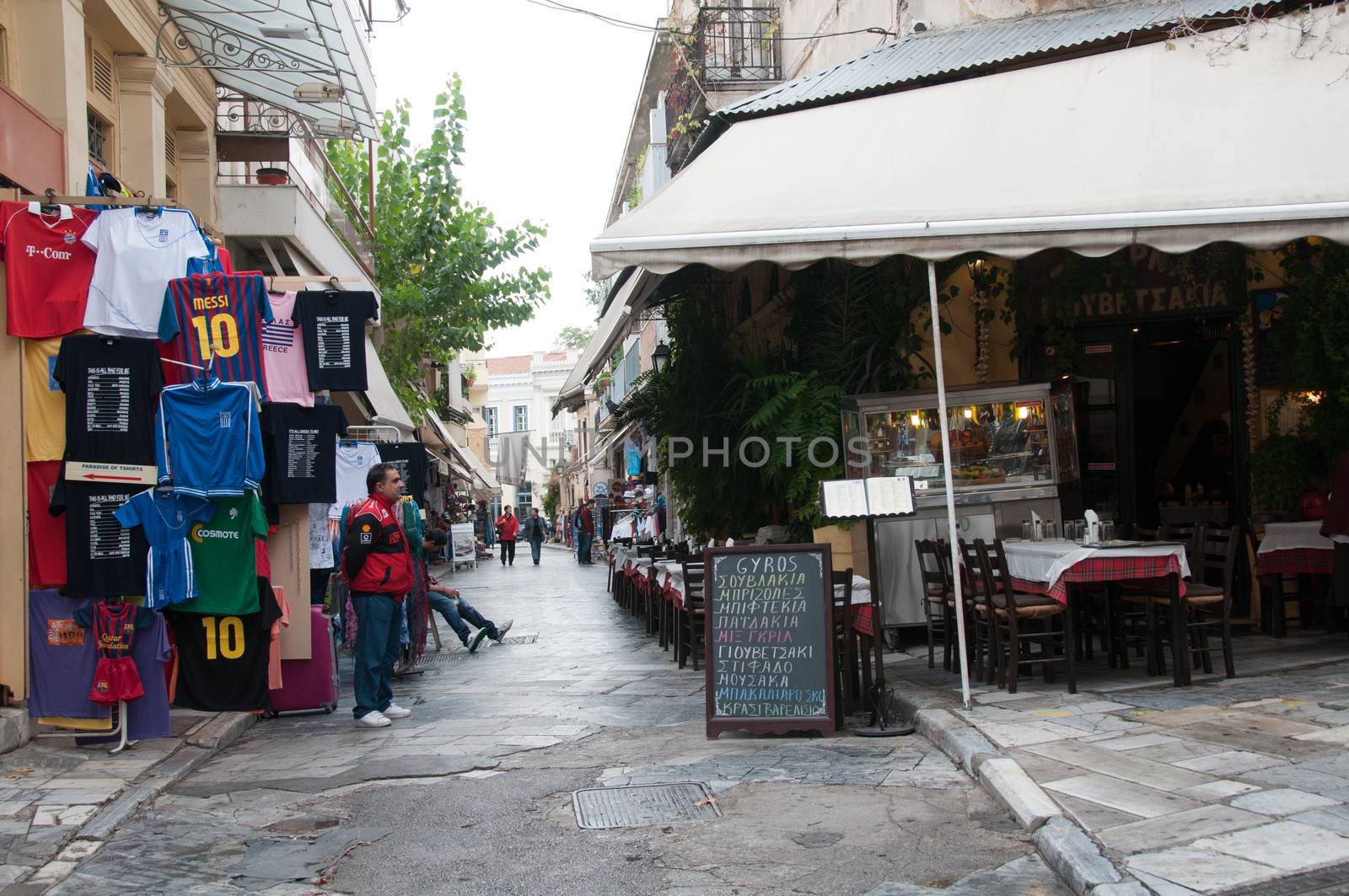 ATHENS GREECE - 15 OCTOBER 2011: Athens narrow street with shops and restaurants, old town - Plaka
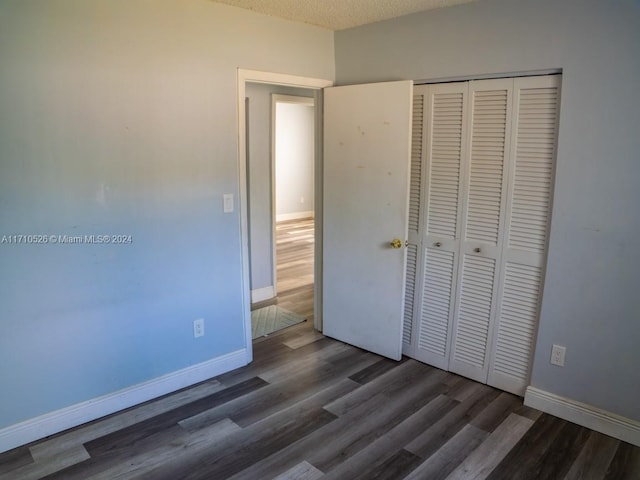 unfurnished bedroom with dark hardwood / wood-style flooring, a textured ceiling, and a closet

__________________________________________________

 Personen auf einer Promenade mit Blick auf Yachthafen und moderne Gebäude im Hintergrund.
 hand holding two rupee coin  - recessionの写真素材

__________________________________________________

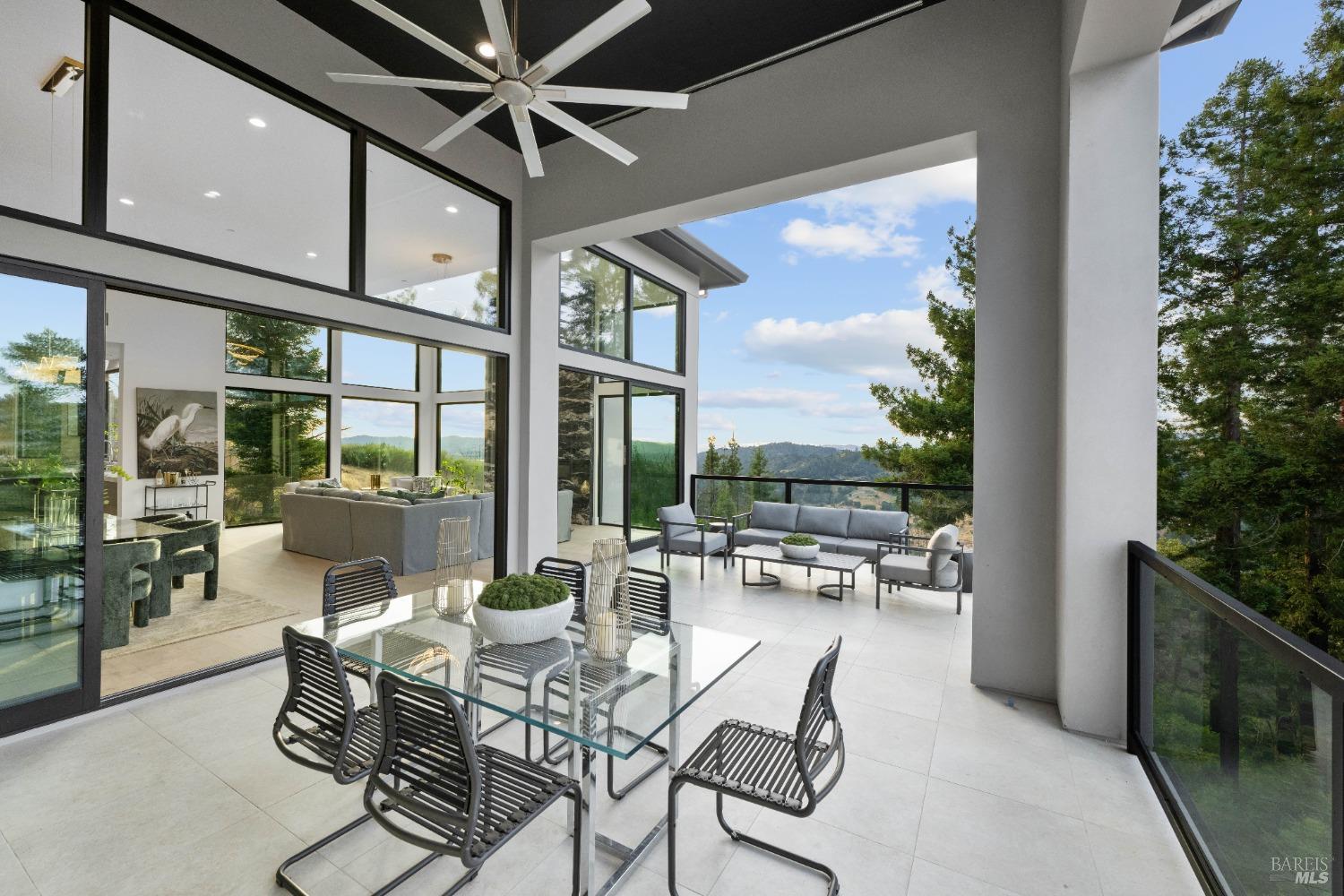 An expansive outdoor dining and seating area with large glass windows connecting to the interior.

__________________________________________________

• _WHAT TO PRODUCE_:
Using the records above, print exactly the run of lines that starts with the line with "ATHENS GREECE - 15" and goes on through the line with "unfurnished bedroom with", pictures excluded.

• _REPLY_:
 ATHENS GREECE - 15 OCTOBER 2011: Athens narrow street with shops and restaurants, old town - Plaka
 unfurnished bedroom with dark hardwood / wood-style flooring, a textured ceiling, and a closet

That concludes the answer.